Ao transformar o real observável em objeto preferencial da escrita, marcada por um intenso e poderoso visualismo, Fialho transforma a própria escrita numa realidade nunca antes vista, também pela criação fértil e surpreendente de novas palavras, criação esta que não só se assume como marca do estilo do autor como é evidente prova da plasticidade e maleabilidade de que a língua é capaz, generosa na riqueza lexical e ambiciosa no alcance semântico.

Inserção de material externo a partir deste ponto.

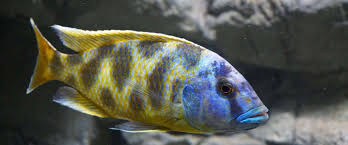 Giraffe malawi cichlid 20-30mm (nimbochromis venustus)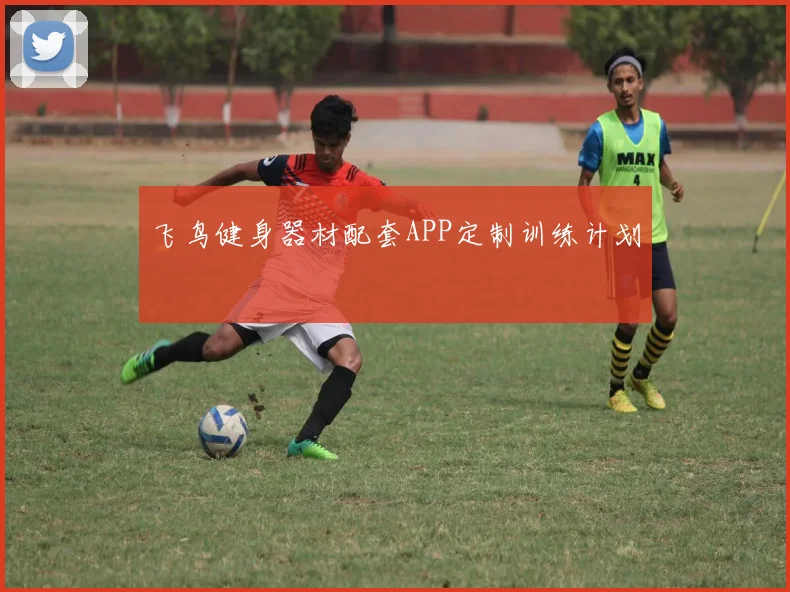 飞鸟健身器材配套APP定制训练计划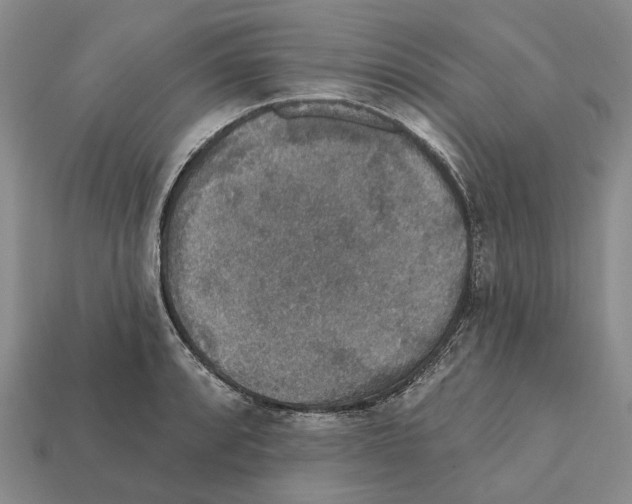 X0000112421088200909251511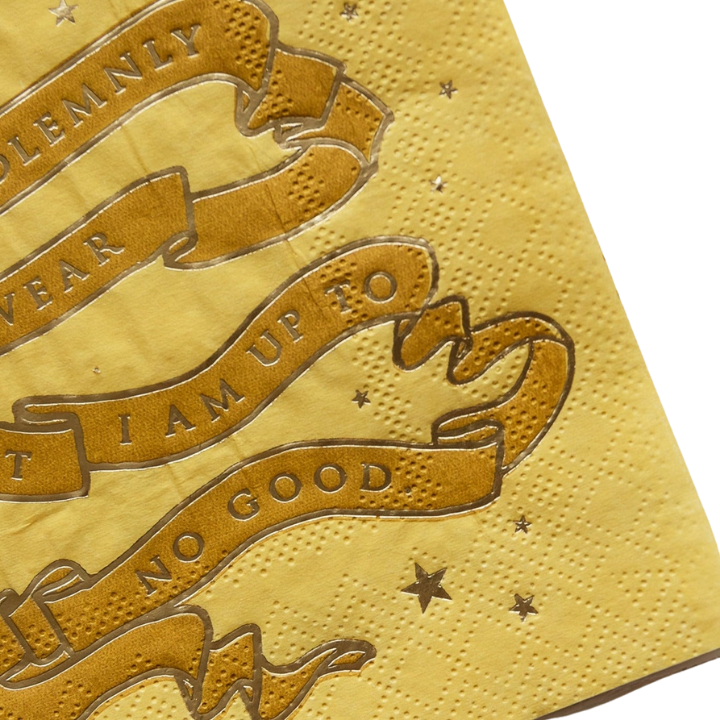 Yellow napkin with metallic gold script banner stars Harry Potter themed from Parte Haus party supply store in Bethesda Maryland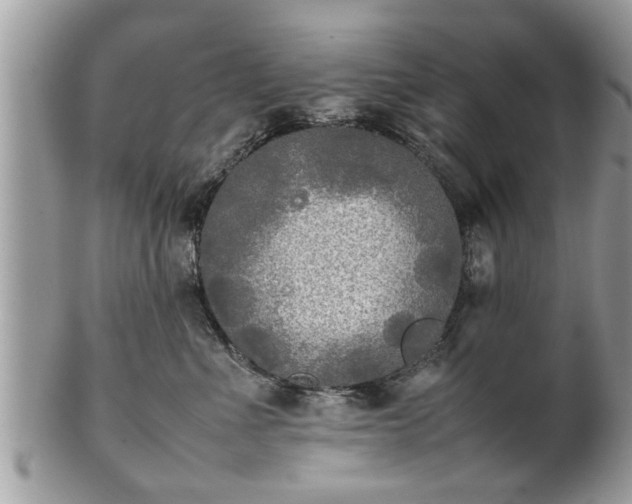 X0000101220523200807071351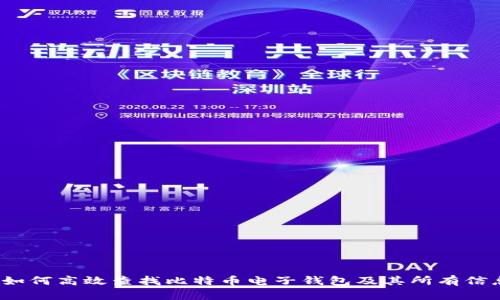  如何高效查找比特币电子钱包及其所有信息
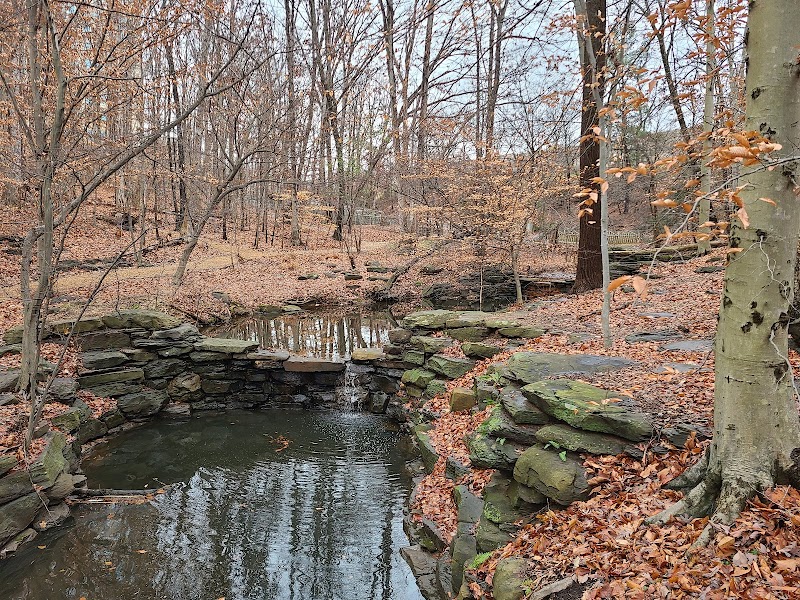 Winkler Botanical Preserve - Alexandria, VA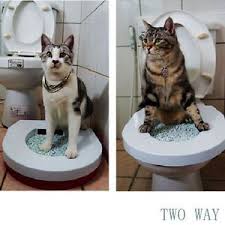 貓砂盆馬桶上的貓砂盆5折特價健康省錢革命性cat litter box 好神貓環保兩用貓砂盆mit台灣精製 cats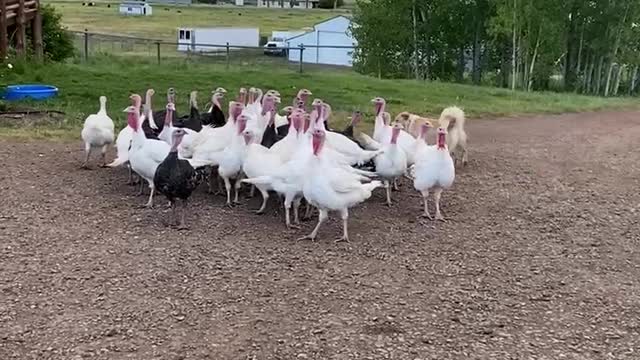 Lassie with the turkeys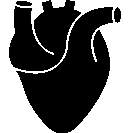 Alt image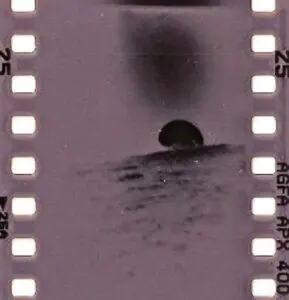 Photo by Joe Nicoletti. All rights reserved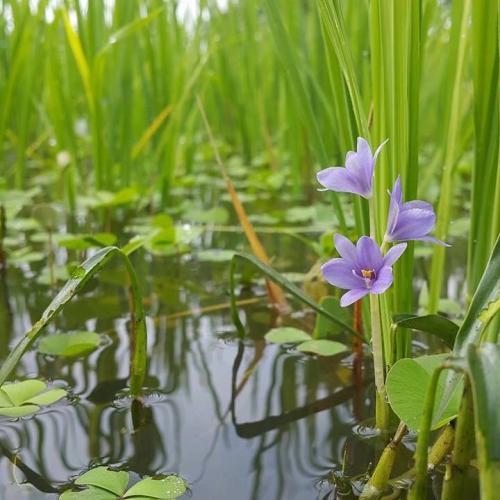 สมาชิกหมายเลข 4607036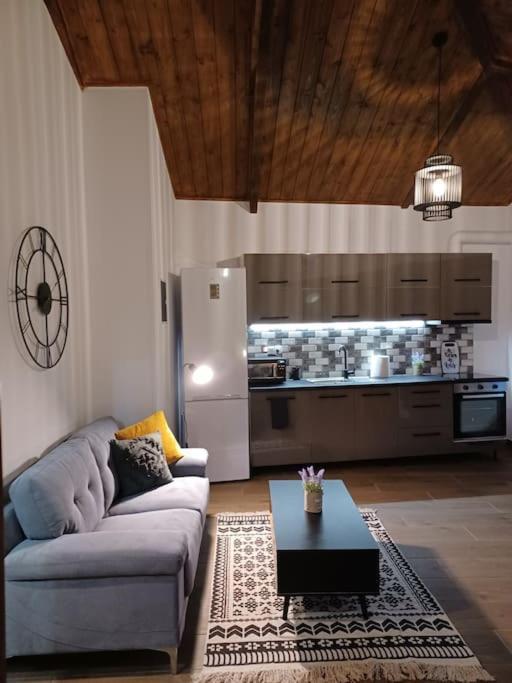 Luxury Apartment With Balcony Mytilíni エクステリア 写真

Encontramos vários destes exemplos em Cadernos de Viagem – Galiza, 1905, ao serviço das extraordinárias descrições que Fialho vai fazendo dos lugares pelos quais vai passando, tão pormenorizadas quanto abrangentes, tão observadoras quanto misteriosas, tão fotográficas quanto fílmicas. Assim, talvez por inspiração do nome «casucha», palavra à qual o autor recorre muito frequentemente, algumas vezes com sentido depreciativo, e que designa uma casa pequena e pobre, encontramos também os diminutivos «escaduchas» e «janeluscas», bem como «janelucas». Igualmente com valor de exiguidade, pobreza e insignificância, encontramos «tabernocas» «ermidolas» e «praiotas».
Muito pouco fica dito do tanto que há a dizer nesta matéria – como noutras – sobre Fialho de Almeida; no entanto, se nenhuma outra razão houvesse para resgatar o autor das águas do esquecimento em que, inexplicavelmente, está mergulhado, bastaria esta para o trazer à superfície dos enormes nomes da nossa literatura: a da sua indesmentível criatividade linguística, causa da sua originalidade e efeito do seu aturado labor verbal.
BIBLIOGRAFIA
Almeida, Fialho de (2022). Cadernos de Viagem – Galiza, 1905. Lisboa: Colibri e Associação Cultural Fialho de Almeida.
Almeida, Fialho de. Ceifeiros. [Empresa Industrial Gráfica do Porto. s/d]. Separata oferecida pela Livraria Clássica Editora. Edição fac-similada, Iniciativa da Associação Cultural Fialho de Almeida, com o apoio da Câmara Municipal de Cuba.